Page 13 of Blood and Sand


  The page of the letter flickered a shade nearer. Abbas Pasha, with a gracious inclination, put out one hand and received it, contriving to appear almost unaware of what he did. “As you say, Highness, I was not aware of the full circumstances behind this unfortunate affair. As a merciful man, I shall be delighted to relieve the Viceroy from his promise, and indeed to request him to rescind the execution order. As to the other pages of this letter …?”

  “They are quite safe, in a place where it is not very convenient to reach them at this hour of night. They shall be with you before noon tomorrow; meanwhile you will wish to write a note to the Viceroy, relieving him from his promise and advising clemency. I am most grateful to Your Excellency for your understanding attitude. Will it be convenient if Captain Ballatar waits upon you in an hour to receive your letter?”

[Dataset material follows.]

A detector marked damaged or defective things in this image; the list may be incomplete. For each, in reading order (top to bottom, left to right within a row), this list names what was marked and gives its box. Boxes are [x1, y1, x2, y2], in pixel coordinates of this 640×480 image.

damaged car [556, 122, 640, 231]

  The minister got up, bowing deeply. The interview it seemed was over, and relief shone from him: “In less. In half an hour, Highness, the letter shall be ready.”

  Now that he could draw breath and spare a thought for his own danger he wondered what the Vicereine’s real interest in the young man was. Maybe he was her lover. If so there might be capital to be made out of that one day.

  *

  Thomas must have slept after all, for suddenly the grey first light of dawn was seeping through the barred window to mingle with the last dregs of smoky lamplight in the room. The Koran lay open on the dirty mattress beside him, and someone was rattling back the bolts on the door.

  His first thought was that they had come for him already, and something clutched like an ice-cold fist at his belly. But almost in the same instant he remembered that he had asked to be awakened early, in plenty of time to make his morning prayer.

  But the man who entered past the guard carried a tray which he set down on the stool. “By the order of my Master Ibrahim Pasha,” the man said. “My master bids me tell you that in an hour, after you have prayed and eaten, he will be with you.”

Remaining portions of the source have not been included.